Tsunami warning system in place soon - UN

An interim tsunami warning system for the Indian Ocean should be in place by October, mainly through upgrading an existing network of tide gauges, the head of the United Nations oceanographic body said on Thursday.

By July next year, the Indian Ocean should be equipped with a high-tech array of wave and pressure sensors sending information to satellites that will alert a network of tsunami warning centres, said Patricio Bernal, who heads the Unesco's Intergovernmental Oceanographic Commission.

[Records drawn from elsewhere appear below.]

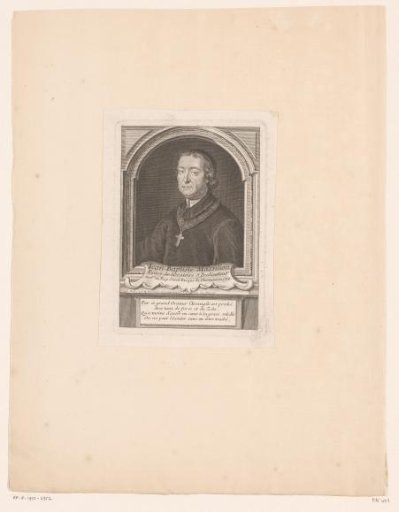 Portrait of Jean-Baptiste Massillon
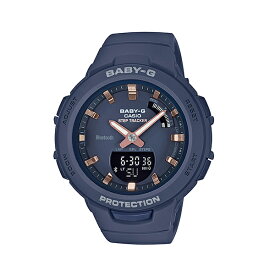 カシオ CASIO 腕時計 レディース BSA-B100-2AJF BABY-G クォーツ ネイビー国内正規【送料無料】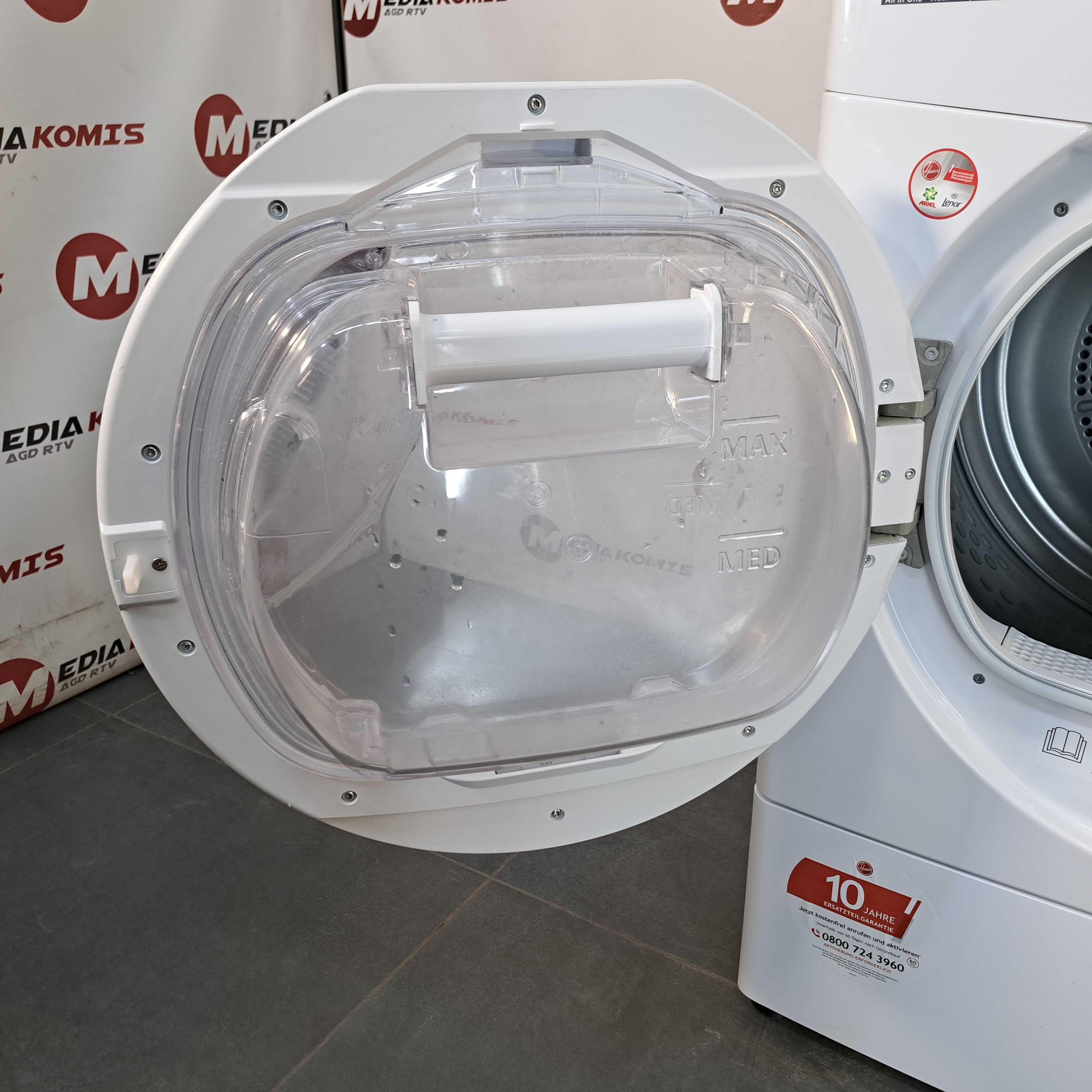 SUSZARKA HOOVER HLE H8A2TE-S [12mscy-gwar] A++/8kg/67dB/Pompa Ciepła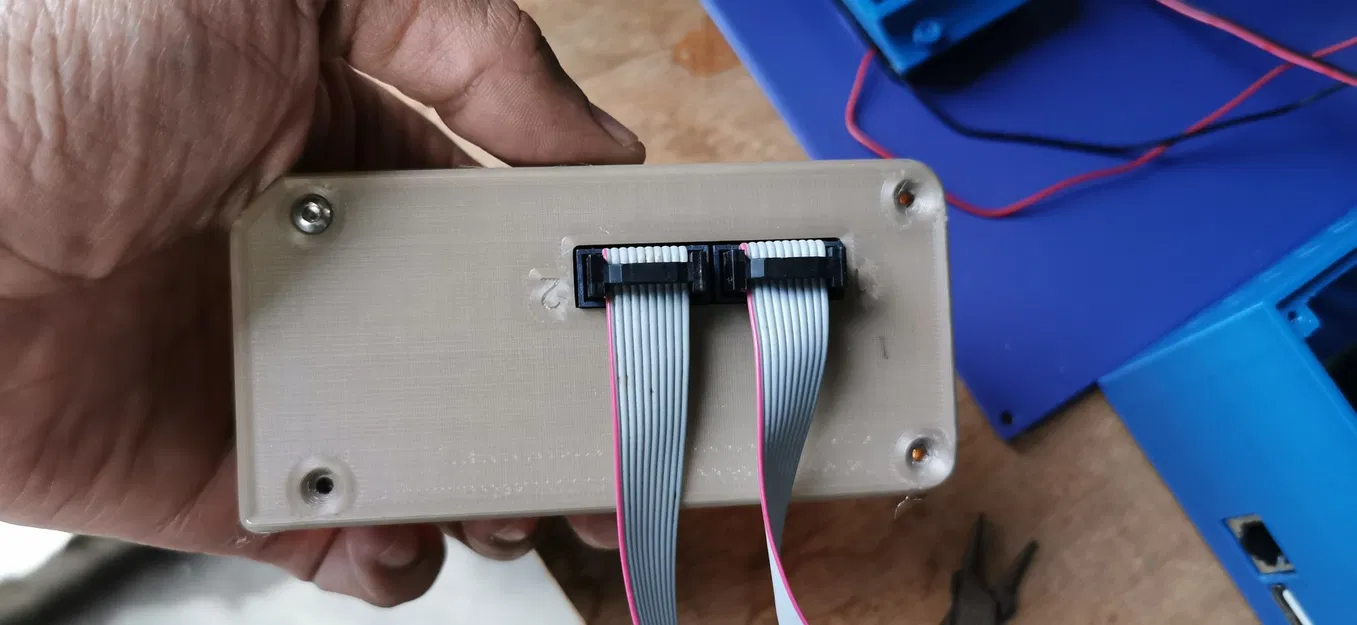 Hộp hiển thị btt mini 12864 thiết kế mỏng - Image 1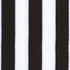 Offray 140640Berwick 2.5" Wide Wired Edge Carnival Grosgrain Ribbon, 25 Yards, Black and White Stripe Pattern...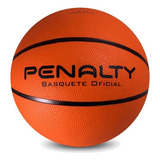 Bola De Basquete Playoff Ix Laranja Oficial Penalty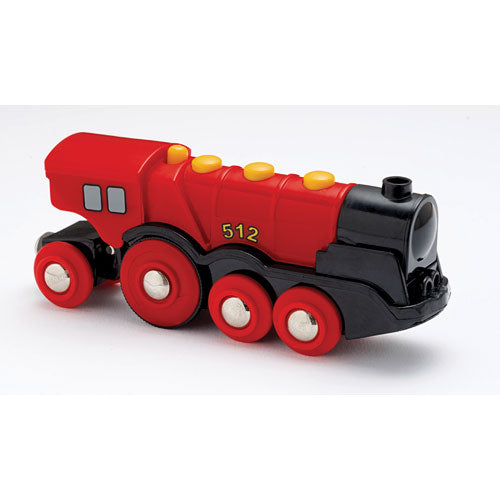 Brio Mighty Red Action Locomotive Catalog 2012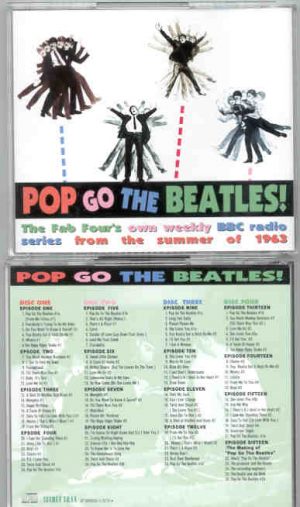The Beatles - Pop Go The Beatles ( 4 CD SET )  ( SECRET TRAX )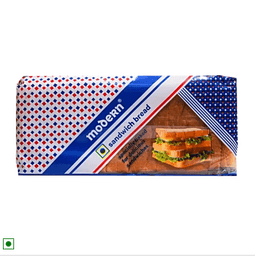 Modern Sandwich Bread - Fresh, Fluffy, Spongy, 600 g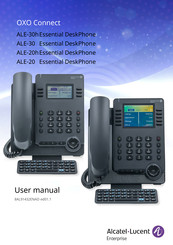 Alcatel-Lucent ALE-20 User Manual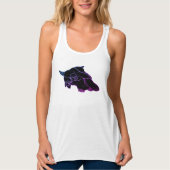 Femme Bison Tank Top (Vorderseite)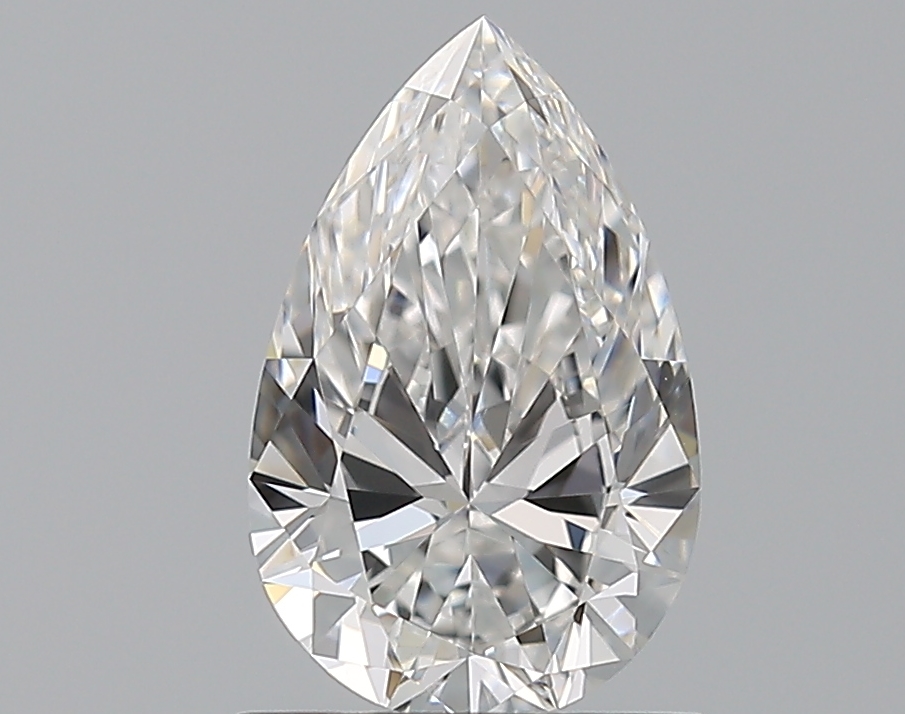 1 CaratE-VS2 - Cut Pear Diamond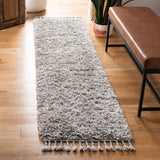 Safavieh Pro Lux Shag 434 Power Loomed 60% Polypropylene/35% Jute/5% Polyester Shag & Flokati Rug PLX434F-4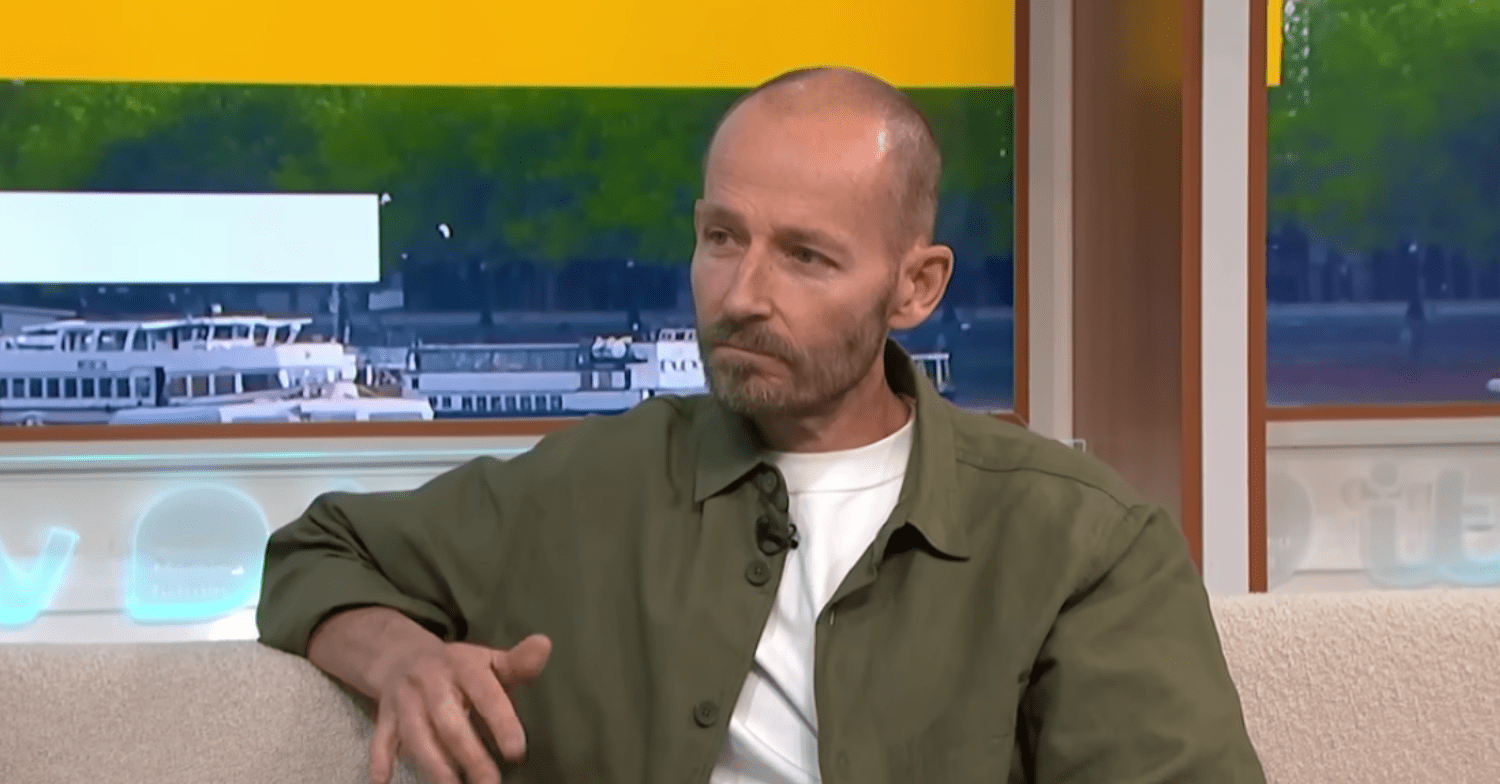 Jonnie Irwin speaks on GMB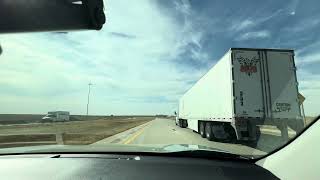 I70 West Hays KSDenver CO Pt 2448 [upl. by Nolahc]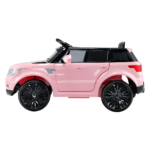 Rigo Kids Ride On Car - Pink - Image 5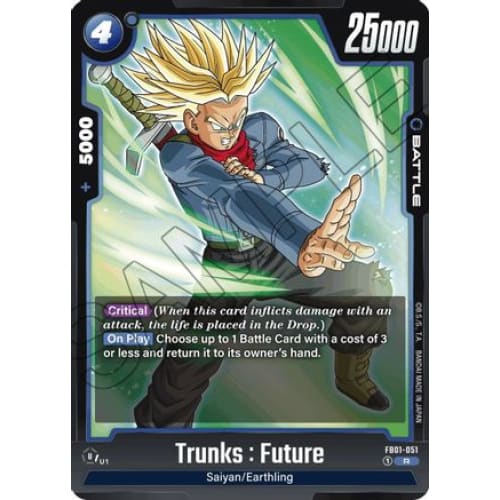 Trunks: Future - FB01-051 (FB01-051) - Awakened Pulse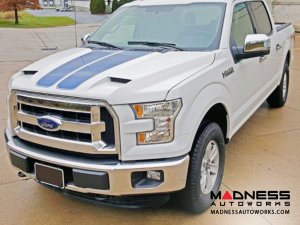 Ford F-150 Functional Ram Air Hood - (2015-2018) 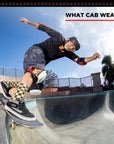 187 KILLER PADS CABALLERO - ADULT SIX PACK PAD SET - The Drive Skateshop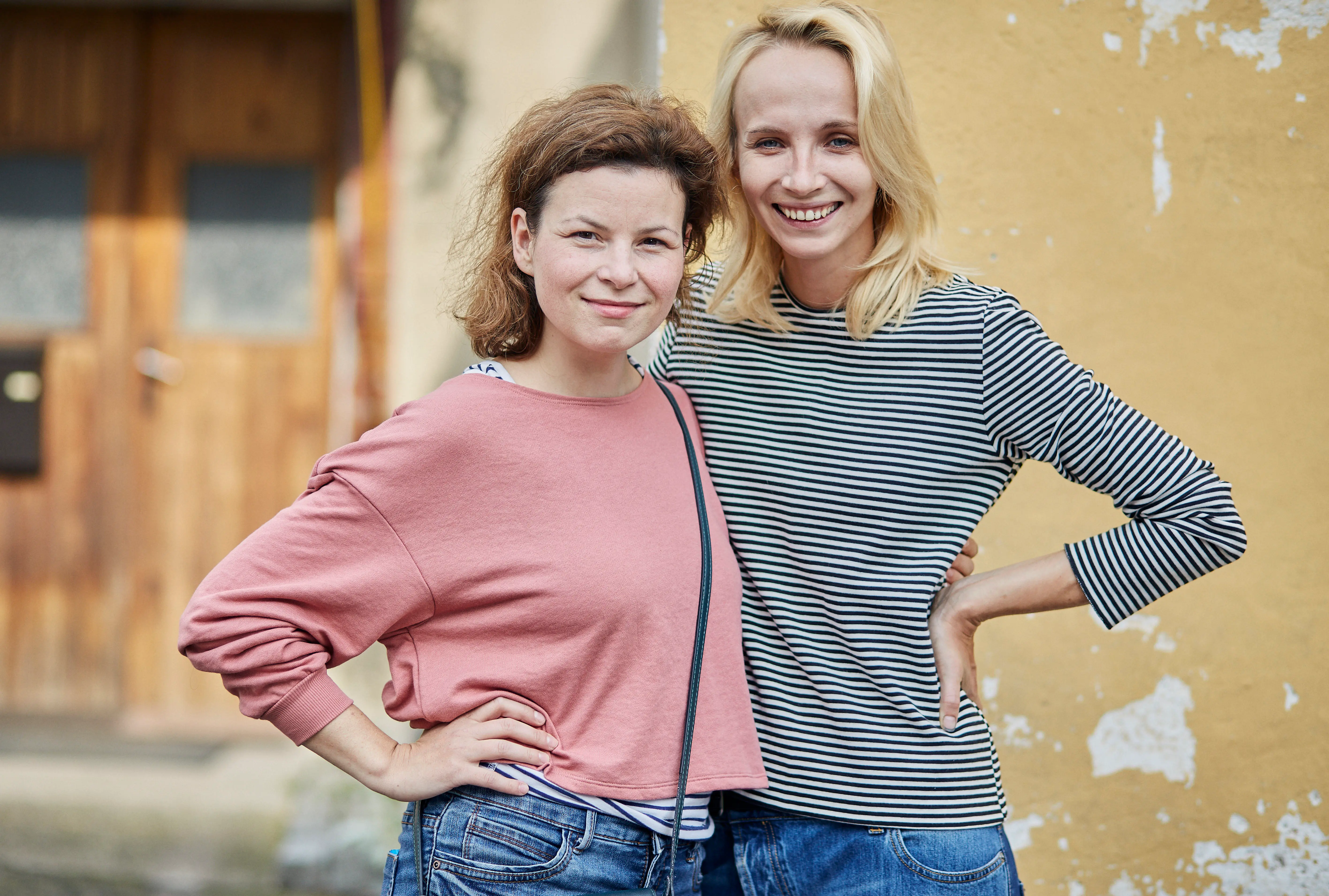 Jitka Rudolfová, Jana Plodková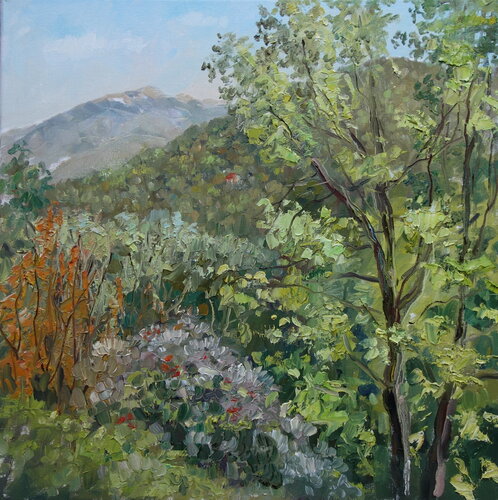 September Spoleto III von Larissa Abtova, Malerei kaufen auf Singulart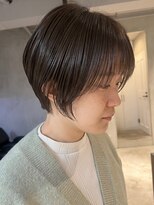 エリマバイフィフス 調布(elima by fifth)&nbsp;どこから見ても綺麗なシルエットの大人ショートヘア◎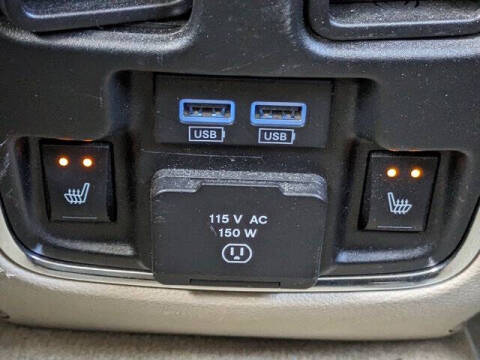 2017 Jeep Grand Cherokee Overland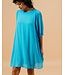 Melissa dress - Blue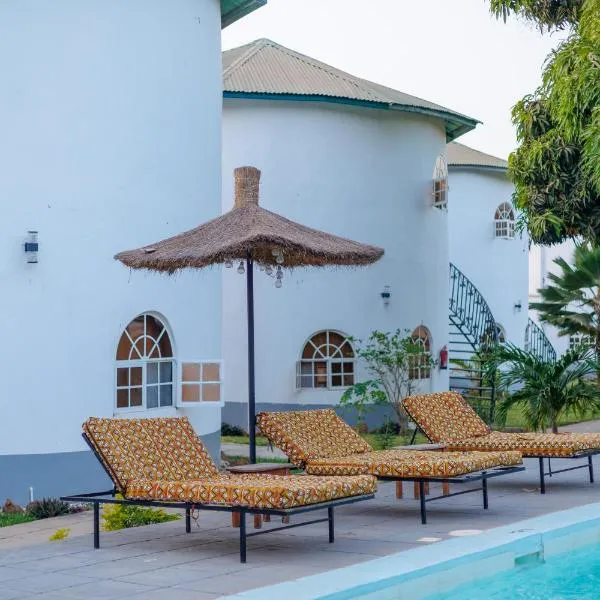 Afro Garden Hotel，位于Jamisa的酒店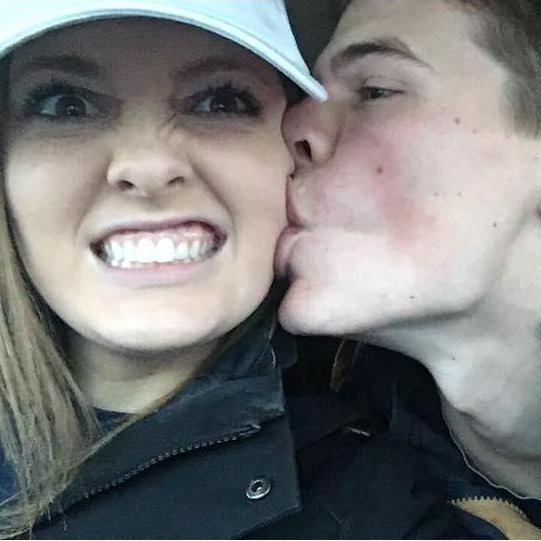 this was taken on katrina's nineteenth birthday, 2017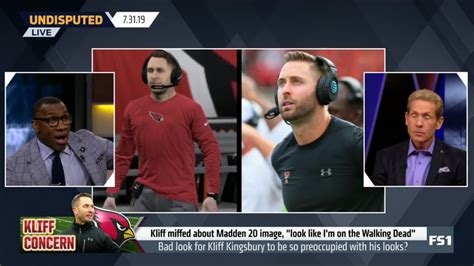 Undisputed Kliff Kingsbury Miffed About Madden 20 Image Look Like I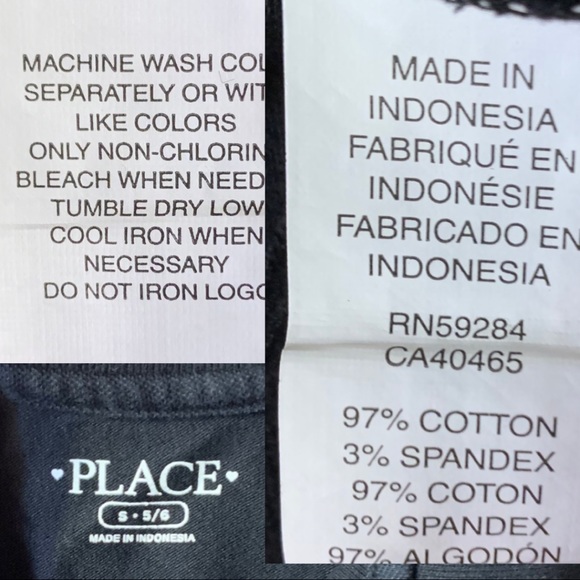 Preschool School Uniform Black Polo Shirts - Picture 14 of 15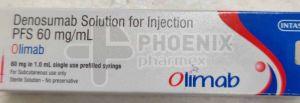Olimab 60mg Denosumab Injection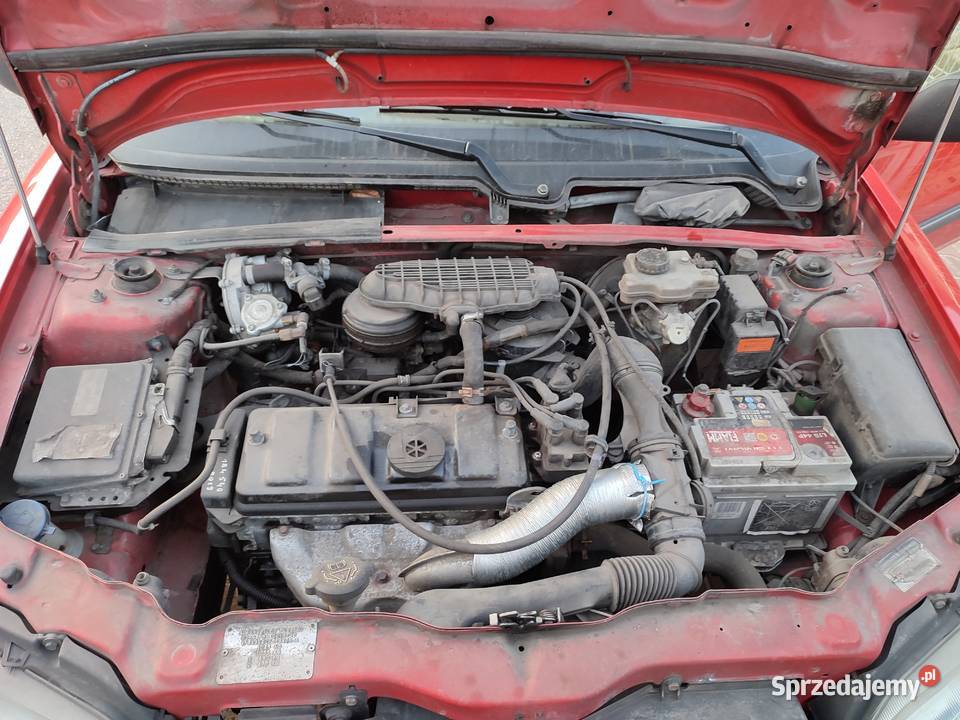 Peugeot 106 LPG nieuszkodzony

The Indian Ocean already has 57 gauges on the sea surface that broadcast information about climate, tide changes and other scientific data every hour or so. The commission plans to upgrade 21 to 23 of them so they can detect a potential tsunami.

"We intend to do this in the next six months by October, with the gauges broadcasting almost in real time," Bernal told Reuters in a telephone interview from his Paris headquarters.

"That will allow us to confirm the presence or the absence of a tsunami," he said

The upgraded tide gauges would transmit data about a potential tsunami to a satellite that would relay the information to existing tsunami warning centres for the Pacific Ocean in Japan and Hawaii. Those centres would be responsible for alerting Indian Ocean nations threatened by a tsunami.

The upgraded gauges would be located off northwestern Sumatra, Diego Garcia and off the coast of Mauritius.

"We have a reasonable network of detecting earthquakes. But it's important to put in place a network for detecting tsunamis - 93 percent of earthquakes don't produce tsunamis."